Devotion guides volunteers to help during Ebola crisis


Associated Press

CHARLOTTE, N.C.

Working with Ebola patients in Liberia, American pediatrician Alan Jamison treated as many people as he could as the country slipped into chaos. Each day, more patients showed up at the hospital’s doors. The deadly virus wasn’t the only danger: Ebola was causing such fear that some Liberians were threatening to burn down the isolation unit with doctors and patients inside.

His medical-missionary group pulled him out early as a precaution. Still, the 69-year-old retiree says he’d return.

“This is where the need is,” Dr. Jamison explains. “This is my calling.”

Dr. Jamison isn’t alone — even after three American aid workers fell sick, many other doctors, nurses and other health-care volunteers are on their way to West Africa, helping to staff hospitals and clinics and screen travelers to slow the epidemic’s spread.

Why are so many willing to put themselves in harm’s way?

“It’s a call, a zeal, a devotion. It’s an acceptance of a professional life outside the ordinary, with an element of adventure,” said William Schaffner, an infectious-disease specialist at Vanderbilt University in Nashville.

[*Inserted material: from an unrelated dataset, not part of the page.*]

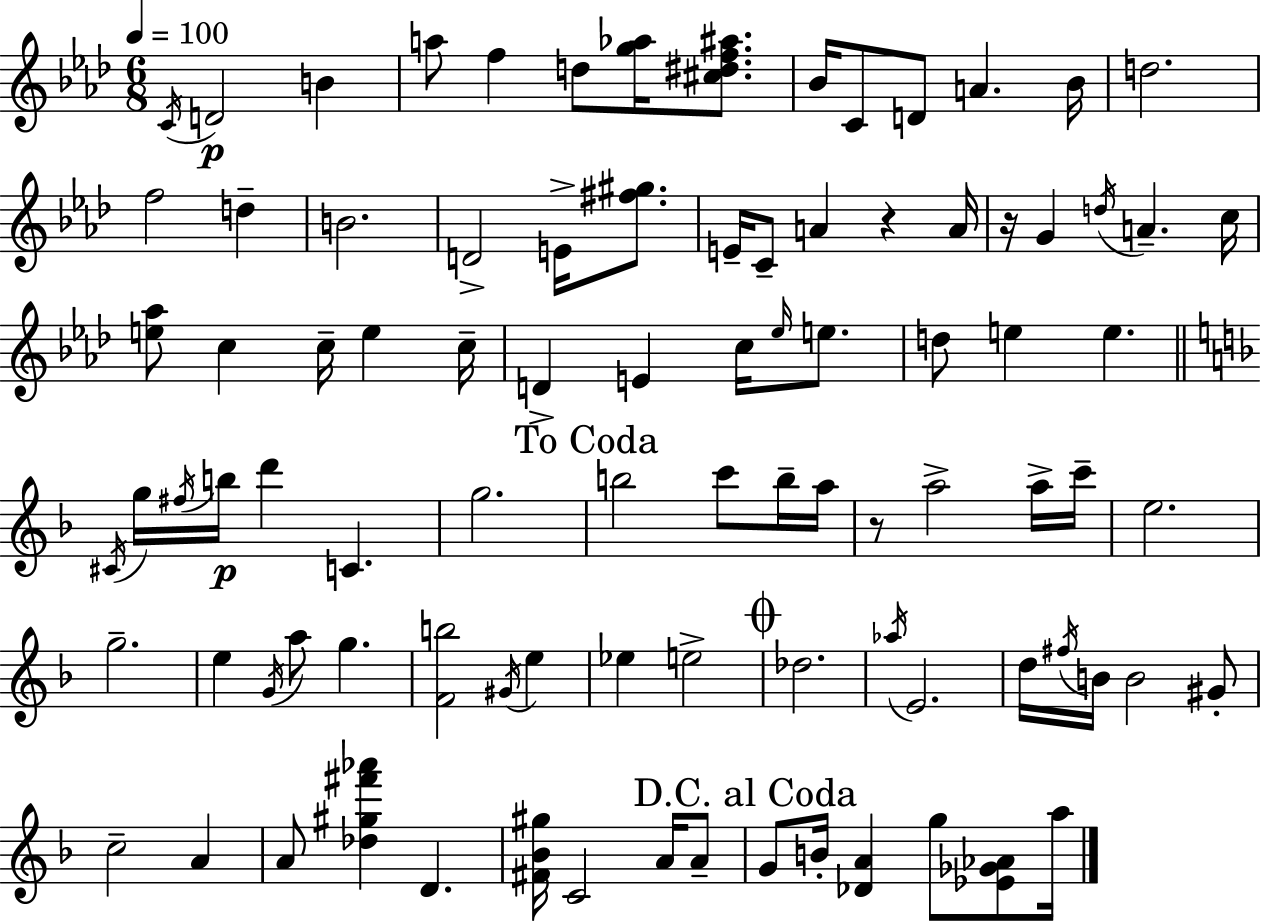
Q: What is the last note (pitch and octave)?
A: A5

Hospital volunteer Nancy Writebol and Dr. Kent Brantly already were in Liberia when the outbreak began, and decided to stay at the charity-run ELWA hospital in Monrovia to help. Richard Sacra, a 15-year ELWA veteran, immediately volunteered to leave his family in suburban Boston and return to the hospital when Writebol and Dr. Brantly got sick. Jamison also worked there.

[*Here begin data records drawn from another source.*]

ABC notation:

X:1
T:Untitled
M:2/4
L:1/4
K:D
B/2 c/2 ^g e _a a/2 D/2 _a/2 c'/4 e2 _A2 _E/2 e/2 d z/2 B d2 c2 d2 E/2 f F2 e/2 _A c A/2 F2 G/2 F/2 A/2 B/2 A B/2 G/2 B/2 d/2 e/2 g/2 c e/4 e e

All are committed to their cause. Like Dr. Jamison, Nancy Writebol and her husband, David, told The Associated Press that they’d consider going back. Dr. Brantly said he couldn’t return just yet, but would keep campaigning to end Ebola. Sacra also had no regrets, his wife said as the doctor was evacuated to the isolation unit in a Nebraska hospital.

“Once you go and you see the Lord at work, I mean, there’s nothing else that you want to do,” Nancy Writebol said.

These volunteers are passionate, but there’s also a cold logic to their commitment: This epidemic that has killed more than 2,000 people and sickened 3,900 in five West African nations won’t end unless more experienced health-care workers confront it directly.

Ebola is being spread by people, in hospitals, homes and funerals. People catch the virus when they have direct contact with the blood or bodily fluids of those who are sick and dying, or already dead.

At ELWA, Dr. Jamison trained workers how to protect themselves and the wider population.

The hospital in Monrovia is operated by Charlotte-based SIM USA and includes more than 200 beds as well as the 50-bed isolation unit for Ebola patients.

Keeping those populations separate is essential, Dr. Jamison said, but is no simple matter.